Start of Listed records

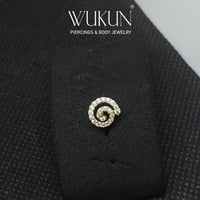 زمام بيرسينج ذهب عيار 18k شكل حلزوني بفصوص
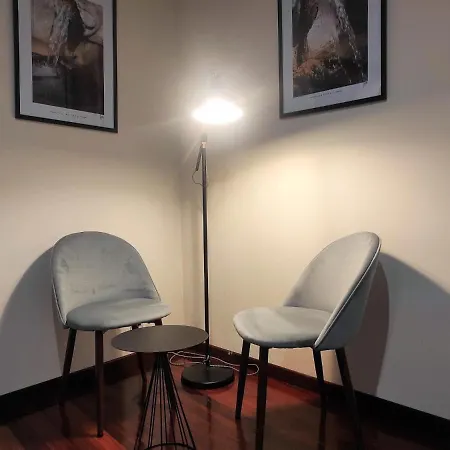 Apartamento 1a. Disfruta De Su Balcón Sobre El Casco Viejo. *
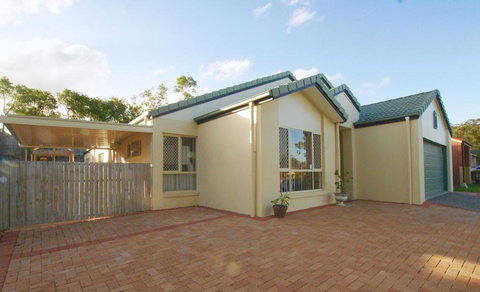 Anaheim Entertainer By Getastay - Holiday Find 2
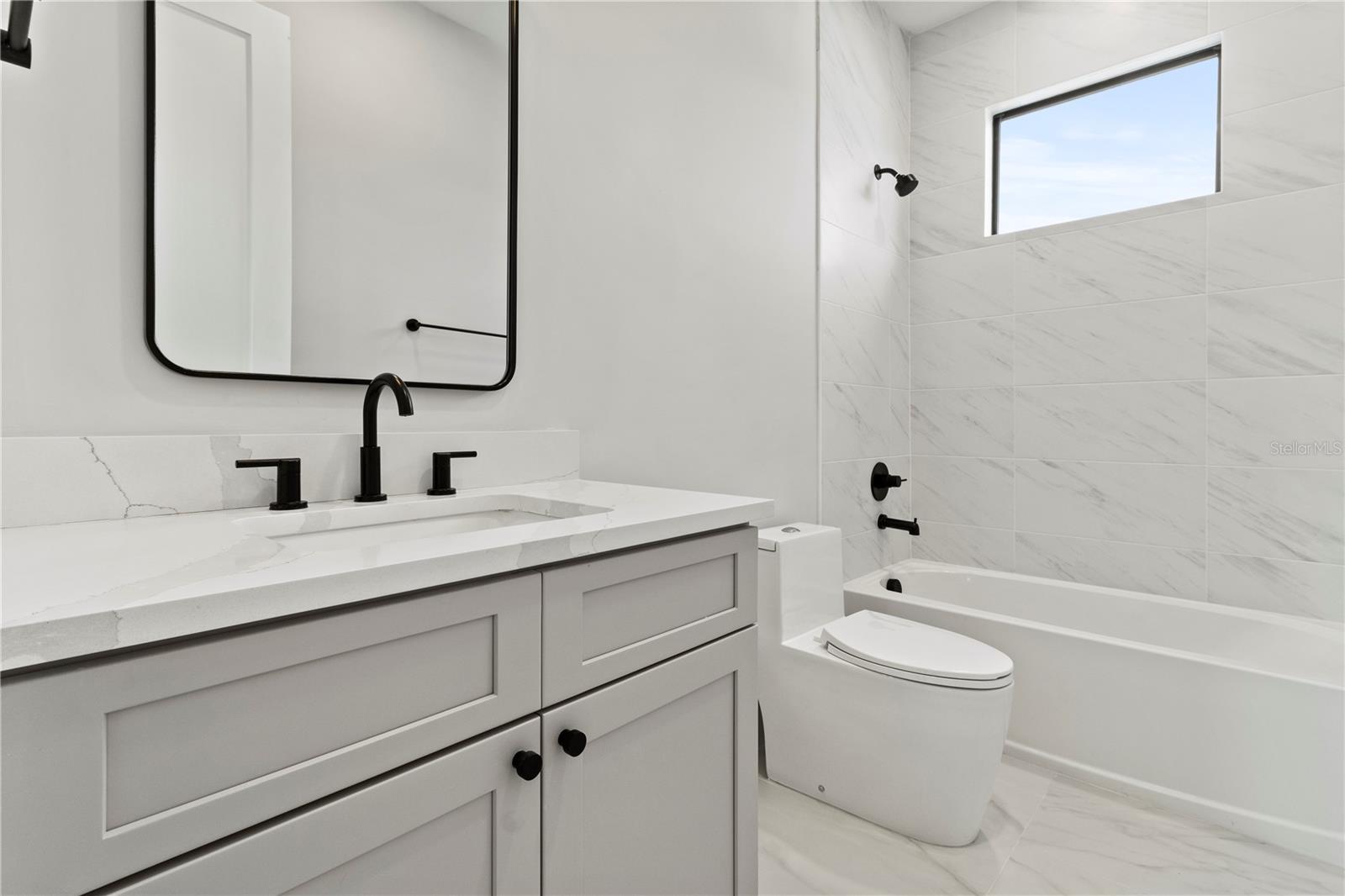 407 CALHOUN Pl ORLANDO, FL 32801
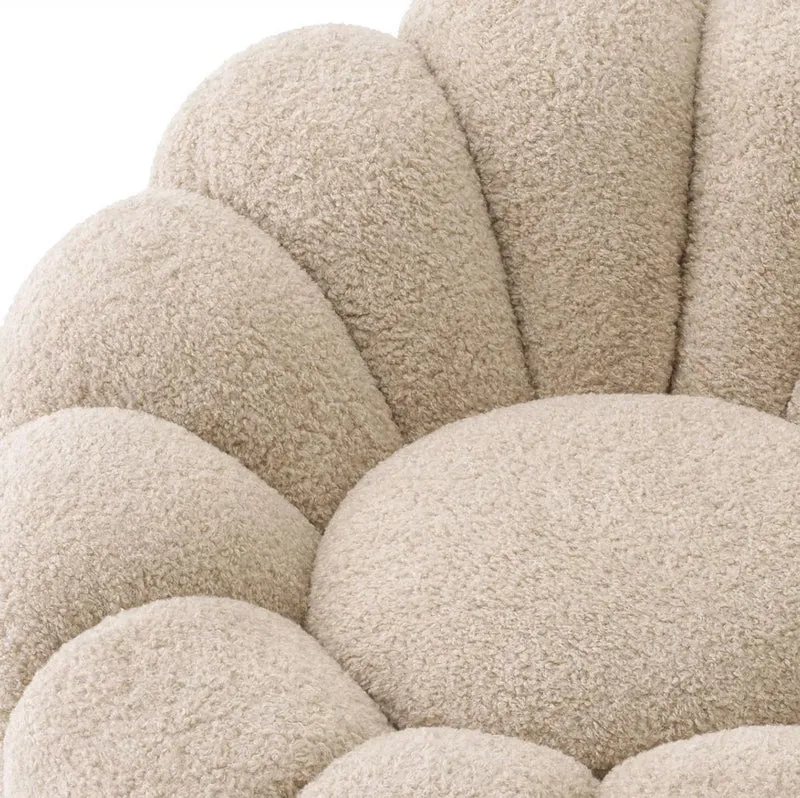 Casa Padrino Luxus Drehsessel Sandfarben / Messing 115 x 118 x H. 67 cm - Wohnzimmer Sessel - Lounge Sessel - Wohnzimmer Möbel - Luxus Möbel - Wohnzimmer Einrichtung - Luxus Einrichtung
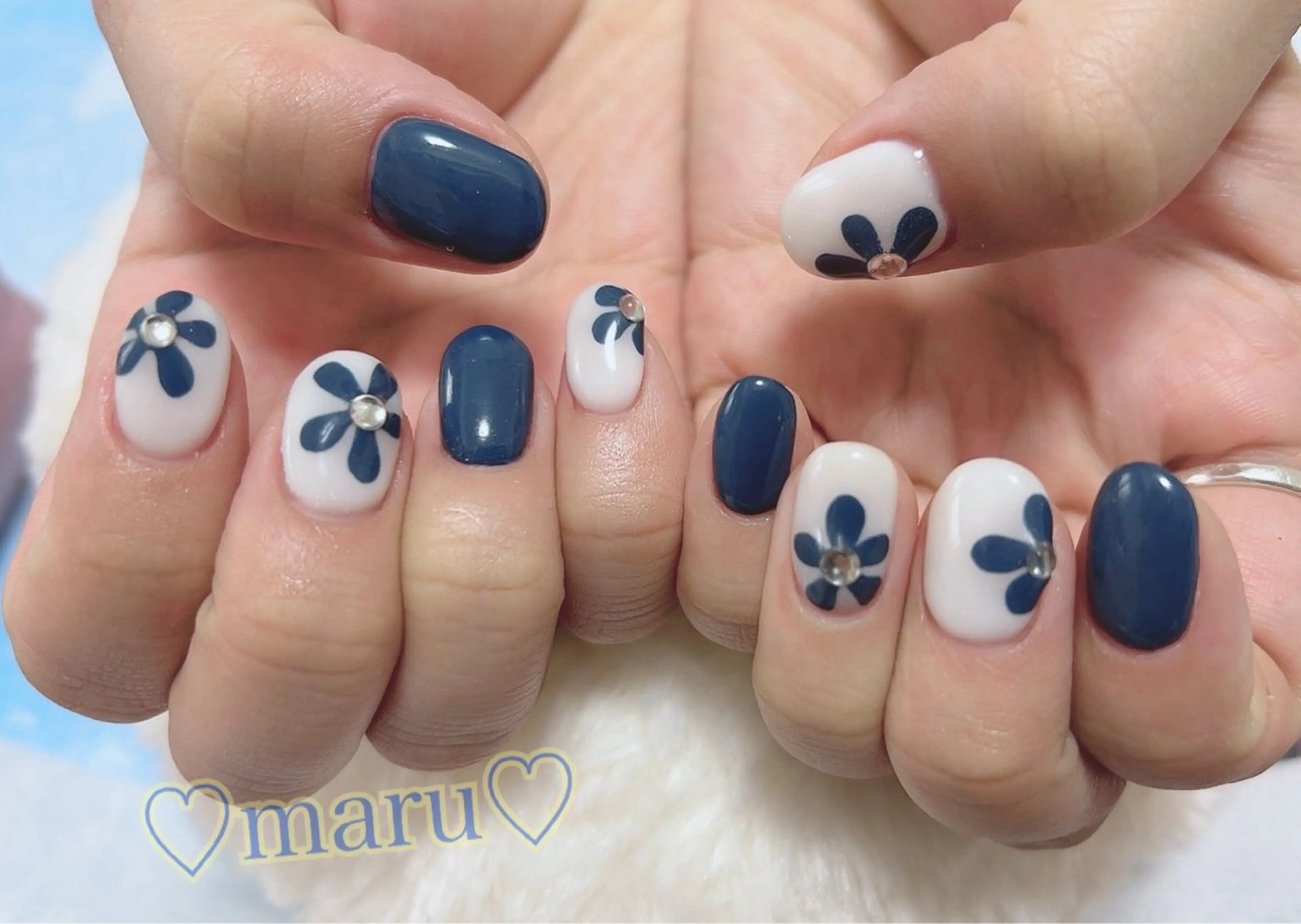 ネイル ハンドネイル フットネイル まるみ ♡のネイルデザイン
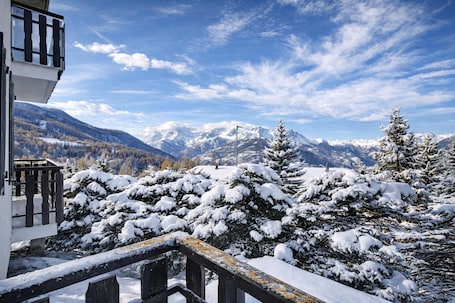 Apartamento família, vários quartos (Appartamento Bellevue Richardette) | Sacada. Appartamento Bellevue Richardette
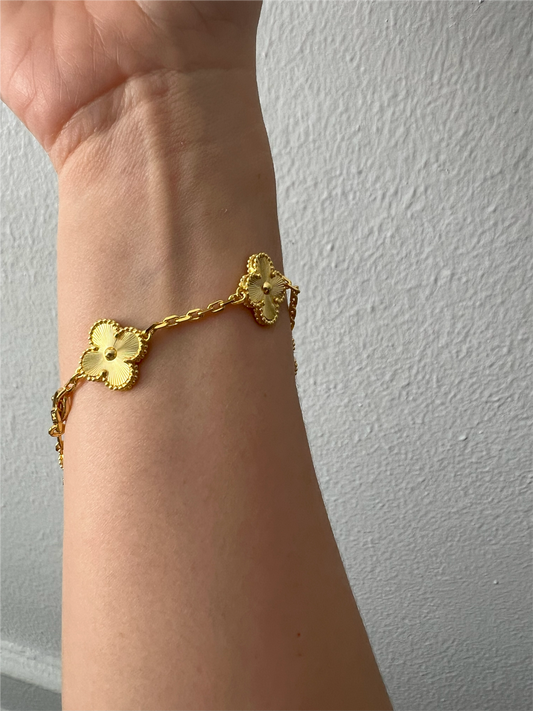 GLOD CLOVER FLOWER BRACELET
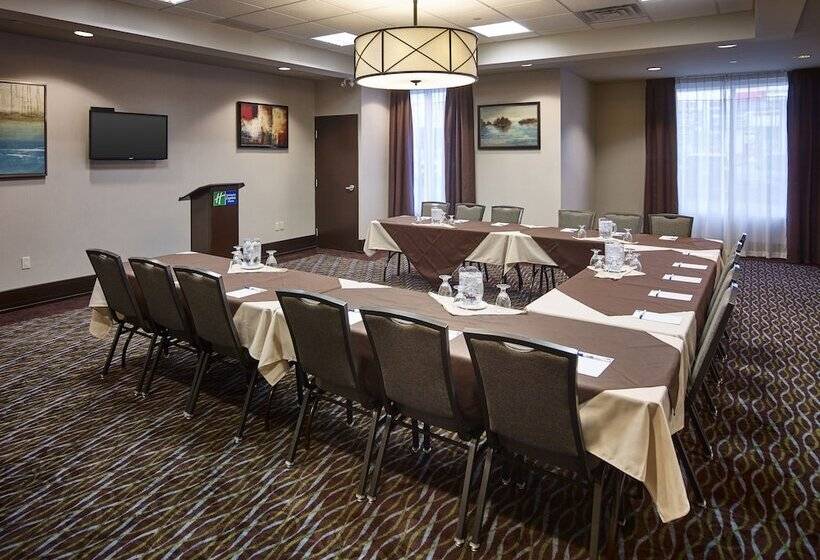 Hotel Holiday Inn Express And Suites Timmins, An Ihg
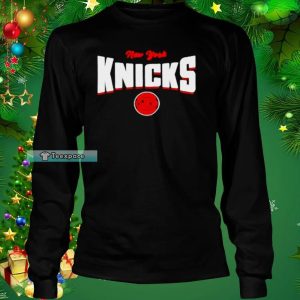New York Knicks Word Arch Graphic Long Sleeve Shirt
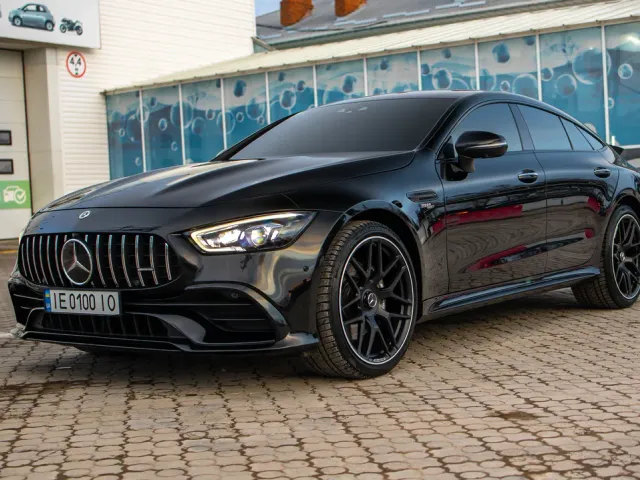 Mercedes-Benz AMG GT - фото 4
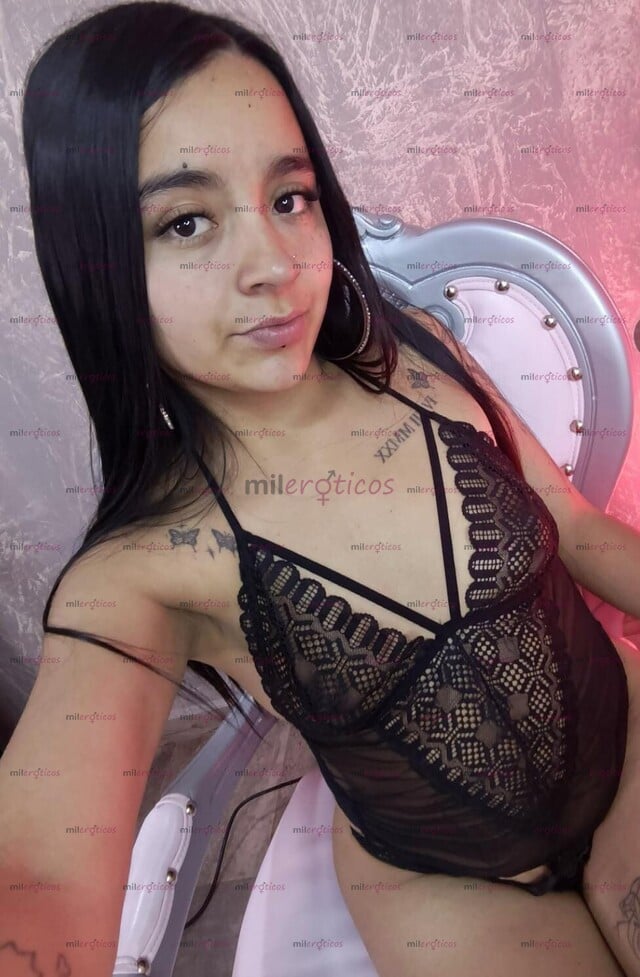 FOTOS DE DULCE COQUETA COMPLACIENTE DE PIEL TRIGUEÑA TODA UNA DIABLA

End of Listed records

:: What is expected ::
All lines from the first in the listing above to the line containing "407 CALHOUN Pl ORLANDO, FL 32801", inclusive, go in the output exactly as they are; no pictures go in.

:: The answer ::
 زمام بيرسينج ذهب عيار 18k شكل حلزوني بفصوص
 Apartamento 1a. Disfruta De Su Balcón Sobre El Casco Viejo. *
 Anaheim Entertainer By Getastay - Holiday Find 2
 407 CALHOUN Pl ORLANDO, FL 32801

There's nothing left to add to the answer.